Por Marco Negrón
Cuando desde la
Facultad de Arquitectura, mediando la década de 1990, iniciamos las gestiones
para obtener la declaratoria de la Ciudad Universitaria de Caracas como
Patrimonio de la Humanidad, sabíamos que no se podía esperar un gran apoyo
económico por parte de Naciones Unidas pero que, en cambio, ello ayudaría a
sensibilizar y concienciar a las instituciones públicas y privadas del país
para aportar recursos específicos para contribuir a su mantenimiento y
conservación.
Pero lo que no se podía
prever eran las características del régimen que se instauraría en 1999, menos
todavía la saña que desplegaría contra las universidades, en particular contra
la UCV, incluso contra esa misma planta física que en el 2000 recibiría tan
apreciado reconocimiento.
Estábamos conscientes
de que, en un país con la débil tradición de mantenimiento del nuestro y los
hábitos de dependencia del Estado sembrados por el rentismo, las primeras
resistencias a vencer serían las internas: la CUC es un patrimonio vivo,
sometido tanto a la presión de una población estudiantil que supera largamente
aquella para la que fue proyectada como a la necesidad de incorporar nuevos
equipamientos que, de no procederse con la cautela y sabiduría requeridas,
podrían tener impactos muy negativos para su preservación.
Aunque expresaran
orgullo, a la mayoría de los profesores y de las autoridades no les iba a ser
fácil entender a cabalidad las implicaciones de ese nuevo estatus: para un
Decano de Farmacia o de Odontología lo apremiante sería, con seguridad, ampliar
sus espacios de docencia e investigación o incorporar nuevos equipos, no
previstos en el proyecto original; a otro tampoco le iba a importar demasiado
que una improvisada oficina administrativa desnaturalizara una noble rampa en
voladizo y, a la vez, cegara un mural de Víctor Valera.

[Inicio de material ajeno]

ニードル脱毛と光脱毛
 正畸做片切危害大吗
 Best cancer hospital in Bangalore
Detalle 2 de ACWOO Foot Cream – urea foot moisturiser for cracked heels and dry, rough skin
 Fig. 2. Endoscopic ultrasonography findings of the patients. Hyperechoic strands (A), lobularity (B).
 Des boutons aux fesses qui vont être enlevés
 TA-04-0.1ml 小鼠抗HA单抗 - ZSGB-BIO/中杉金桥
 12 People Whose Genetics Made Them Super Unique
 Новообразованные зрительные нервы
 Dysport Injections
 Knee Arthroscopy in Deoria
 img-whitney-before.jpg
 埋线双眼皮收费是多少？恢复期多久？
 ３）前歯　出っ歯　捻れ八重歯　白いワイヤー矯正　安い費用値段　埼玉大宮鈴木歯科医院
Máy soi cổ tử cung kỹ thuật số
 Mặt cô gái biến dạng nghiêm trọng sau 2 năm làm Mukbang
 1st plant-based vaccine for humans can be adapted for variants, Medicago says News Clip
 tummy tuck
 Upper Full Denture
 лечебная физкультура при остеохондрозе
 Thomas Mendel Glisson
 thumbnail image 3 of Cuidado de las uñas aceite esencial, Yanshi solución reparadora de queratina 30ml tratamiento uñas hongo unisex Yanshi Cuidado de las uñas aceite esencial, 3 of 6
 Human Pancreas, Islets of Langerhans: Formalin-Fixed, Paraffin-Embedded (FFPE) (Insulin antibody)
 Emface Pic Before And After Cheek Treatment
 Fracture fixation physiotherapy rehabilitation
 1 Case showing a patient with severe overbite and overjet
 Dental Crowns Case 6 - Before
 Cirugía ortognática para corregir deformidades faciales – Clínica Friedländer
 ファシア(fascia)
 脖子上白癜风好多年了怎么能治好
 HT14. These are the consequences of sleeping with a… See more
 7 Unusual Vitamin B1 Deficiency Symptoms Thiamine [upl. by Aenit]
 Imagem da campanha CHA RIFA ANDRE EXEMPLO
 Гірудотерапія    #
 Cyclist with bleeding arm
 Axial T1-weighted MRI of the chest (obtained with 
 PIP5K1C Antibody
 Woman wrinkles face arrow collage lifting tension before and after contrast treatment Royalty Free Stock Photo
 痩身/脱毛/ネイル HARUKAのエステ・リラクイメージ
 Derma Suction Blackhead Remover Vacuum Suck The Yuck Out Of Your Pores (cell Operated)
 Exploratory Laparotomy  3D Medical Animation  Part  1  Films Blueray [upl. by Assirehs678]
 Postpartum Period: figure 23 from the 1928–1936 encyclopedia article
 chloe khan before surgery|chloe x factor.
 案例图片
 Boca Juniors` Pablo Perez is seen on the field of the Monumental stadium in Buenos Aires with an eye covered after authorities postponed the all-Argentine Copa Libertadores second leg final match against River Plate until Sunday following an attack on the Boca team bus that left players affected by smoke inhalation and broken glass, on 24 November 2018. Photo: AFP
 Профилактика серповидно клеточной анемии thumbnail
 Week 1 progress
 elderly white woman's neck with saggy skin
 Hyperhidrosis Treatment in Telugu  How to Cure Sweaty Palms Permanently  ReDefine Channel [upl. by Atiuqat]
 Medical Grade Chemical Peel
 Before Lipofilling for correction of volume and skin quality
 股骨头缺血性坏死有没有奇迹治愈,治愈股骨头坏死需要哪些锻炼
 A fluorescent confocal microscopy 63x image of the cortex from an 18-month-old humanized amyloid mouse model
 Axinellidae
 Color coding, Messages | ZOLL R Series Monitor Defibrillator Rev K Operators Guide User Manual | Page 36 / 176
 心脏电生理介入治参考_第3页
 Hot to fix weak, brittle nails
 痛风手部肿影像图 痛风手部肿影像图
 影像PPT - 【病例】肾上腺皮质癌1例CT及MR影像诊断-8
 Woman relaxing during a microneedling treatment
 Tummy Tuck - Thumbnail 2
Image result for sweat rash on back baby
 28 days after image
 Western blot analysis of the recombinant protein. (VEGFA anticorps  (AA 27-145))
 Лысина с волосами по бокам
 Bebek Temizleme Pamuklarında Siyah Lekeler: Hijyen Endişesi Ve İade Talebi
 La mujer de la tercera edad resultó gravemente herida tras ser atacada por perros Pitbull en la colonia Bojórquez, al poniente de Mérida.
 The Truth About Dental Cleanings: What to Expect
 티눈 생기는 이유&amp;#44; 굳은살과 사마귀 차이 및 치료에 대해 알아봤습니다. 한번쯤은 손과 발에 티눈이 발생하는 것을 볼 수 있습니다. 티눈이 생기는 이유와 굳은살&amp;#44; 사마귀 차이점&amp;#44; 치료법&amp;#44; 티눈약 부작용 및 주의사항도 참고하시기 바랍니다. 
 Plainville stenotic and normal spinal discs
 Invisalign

Máxime si lo había
autorizado la antigua (y burocratizada) Oficina de Planeamiento.
Para el sedicente
socialismo bolivariano, aunque en sus más altos niveles de dirección exhibe o
ha exhibido gran número profesores de la UCV, incluidos docentes de la Facultad
de Arquitectura, y hasta algún Rector, el tema del patrimonio ha sido
totalmente irrelevante cuando no irritante: no es sólo que jamás se ha movido
un dedo para asignarle recursos, sino que incluso ha reinado el silencio
cómplice ante las muchas agresiones de que ha sido objeto desde la bufonesca
“toma” de la sala del Consejo Universitario en marzo de 2002 por un grupo de
estudiantes crónicos afectos al régimen.
Y la CUC tuvo la mala
suerte de ser declarada Patrimonio de la Humanidad cuando daba sus primeros
pasos el que, dos décadas después, nadie duda en calificar como el más funesto
y depredador gobierno de nuestra historia republicana; también el más hostil al
talento.
La vista de la cubierta
colapsada suscita inmediatamente la imagen de un fracaso como sociedad, de la
incapacidad para alcanzar esa modernidad (la nuestra, la auténticamente
nuestra) tan largamente perseguida. Pero no es la única, aunque sí, quizá, la
más impactante: ella ha sido precedida por otras experiencias menos
espectaculares o menos perceptibles como el indetenible deterioro del puente
sobre el Lago de Maracaibo; la chatarrización de uno de los mejores sistemas
eléctricos de toda la región; el progresivo colapso de las ciudades históricas,
pero también de las fundadas bien entrado el siglo XX, como ocurre con Ciudad
Guayana.
El genio poético de
Octavio Paz le permitió resumir en una breve frase el rol esencial que han
jugado las ciudades en el desarrollo de la sociedad humana, del mismo ser
humano: “una civilización es ante todo un urbanismo”.
En distinto grado, el
colapso de la cubierta del pasillo de la CUC tiene varios responsables que en
su momento tendrán que rendir cuentas, pero el mal de origen hunde sus raíces
en la ciénaga de un régimen tan hinchado de soberbia como ayuno de
conocimiento, único desde los tiempos de Boves que ha logrado la
infame hazaña de destruir nuestras ciudades y, con ellas, nuestra civilización.
Dos décadas deberían bastar para entender que, mientras ese disparate llamado
socialismo bolivariano siga rigiendo los destinos del país, la erosión será
imparable. Hoy pudiéramos estar cerca del punto de no retorno.